Fisk, 9/11 Conspiracies and Shakespeare

Via Solominia, we get to hear the latest on Robert Fisk's imaginative journalism:

...I am increasingly troubled at the inconsistencies in
the official narrative of 9/11. It's not just the obvious non sequiturs: where
are the aircraft parts (engines, etc) from the attack on the Pentagon? Why have
the officials involved in the United 93 flight (which crashed in Pennsylvania)
been muzzled? Why did flight 93's debris spread over miles when it was supposed
to have crashed in one piece in a field? Again, I'm not talking about the crazed
"research" of David Icke's Alice in Wonderland and the World Trade Center
Disaster – which should send any sane man back to reading the telephone
directory.


I am talking about scientific issues. If it is
true, for example, that kerosene burns at 820C under optimum conditions, how
come the steel beams of the twin towers – whose melting point is supposed to be
about 1,480C – would snap through at the same time? (They collapsed in 8.1 and
10 seconds.) What about the third tower – the so-called World Trade Centre
Building 7 (or the Salmon Brothers Building) – which collapsed in 6.6 seconds in
its own footprint at 5.20pm on 11 September? Why did it so neatly fall to the
ground when no aircraft had hit it? The American National Institute of Standards
and Technology was instructed to analyse the cause of the destruction of all
three buildings. They have not yet reported on WTC 7. Two prominent American
professors of mechanical engineering – very definitely not in the "raver"
bracket – are now legally challenging the terms of reference of this final
report on the grounds that it could be "fraudulent or deceptive"...

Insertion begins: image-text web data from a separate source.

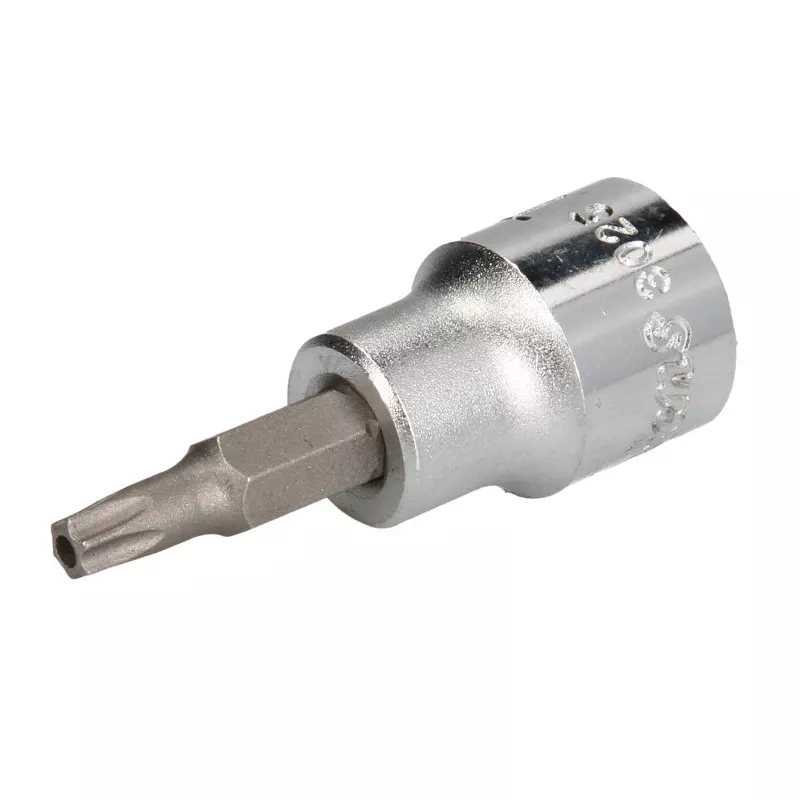 Douille TORX 3/8" HANS 3025TH25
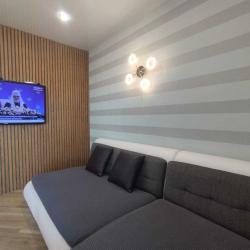 Фото Апартаменты на улице Виноградная 4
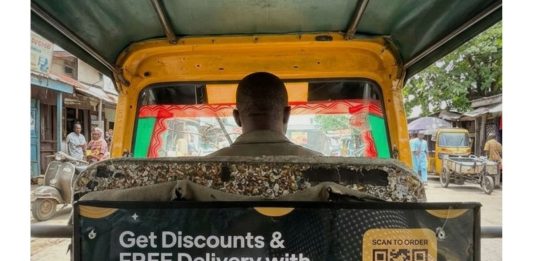 How Smart Brands in Nigeria Are Winning Attention and Market Share with RideAD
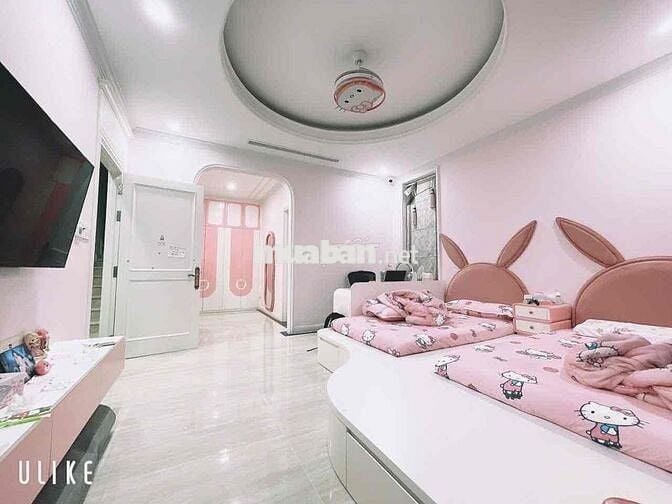 Cho Thuê Siêu Biệt Thự Đẹp, KDC Bửu Long, Phường Trấn Biên (mới).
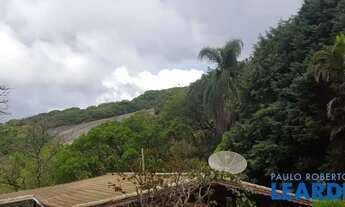 Imagem 4: CASA ASSOBRADADA - RESIDENCIAL PARQUE ITAPETINGA - SP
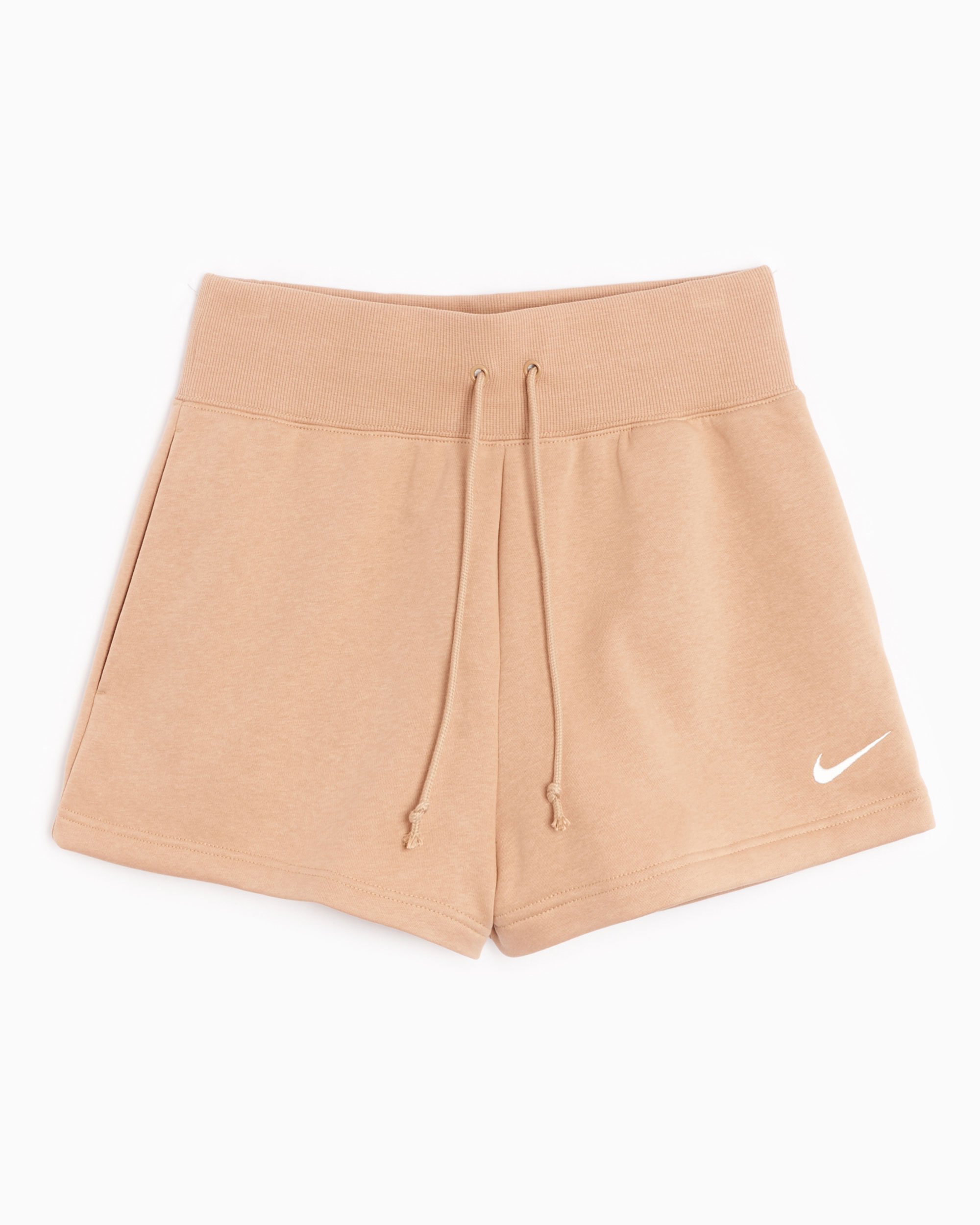 Beige nike shorts deals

Oliver Kamm, who should be read by all and sundry, has this to say about Fisk:

Fisk is indeed a conspiracy theorist. He outed himself 18 months ago in a
speech in Australia. It is moderately scandalous that in the meantime he has
made no attempt to answer his own ill-informed questions by directing them to
competent researchers in engineering and aviation. Even so absurd and
discredited a figure as Michael Meacher
denies that his speculations about
9/11 make him a conspiracy theorist and claims "I'm only raising questions". Yet
Fisk and Meacher "raise questions" to which
definitive and comprehensive answers are wholly accessible and in the public domain. The alternative
explanation is that these answers themselves are part of an attempt to deceive
the public and divert attention from the real culprits. That type of explanation
about agency has a common and useful name. It is "conspiracy theory".


As I say in the Solomonia comments, Fisk's penchant for conspiracy theory when it comes to his hated Israel or America are well known. Here is one example of his way of pointing darkly and mysteriously to hidden conspiracies of the most nefarious kind:

"In private, he did not hide his animosity towards the
Hizbollah, whose attacks on Israeli occupation troops before their 2000 retreat
would set back his plans for Lebanon’s economic recovery. And while he tolerated
the Syrians, he had his own plans for their military departure. Was it true, as
they said in Beirut, that Hariri was the secret leader of the political
opposition to the Syrian presence?
Or were his
enemies even more sinister people?


Lebanon is built on institutions that enshrine
sectarianism as a creed, in which the president must always be a Christian
Maronite, the prime minister a Sunni Muslim - like Hariri - and the speaker of
parliament a Shia Muslim. Anyone setting out to murder
Hariri would know how this could re-open all the fissures of the civil war from
1975 to 1990
."



Who could he mean? Of course he behaves like some garrulous gossip from a Monty Python school: *Wink, wink, nudge, nudge, say no more, say no more!*? I'm not saying anything but... He does not have the moral courage to openly state what he thinks except by muttering and coy innuendoes. Always leaving for himself a way of retreating.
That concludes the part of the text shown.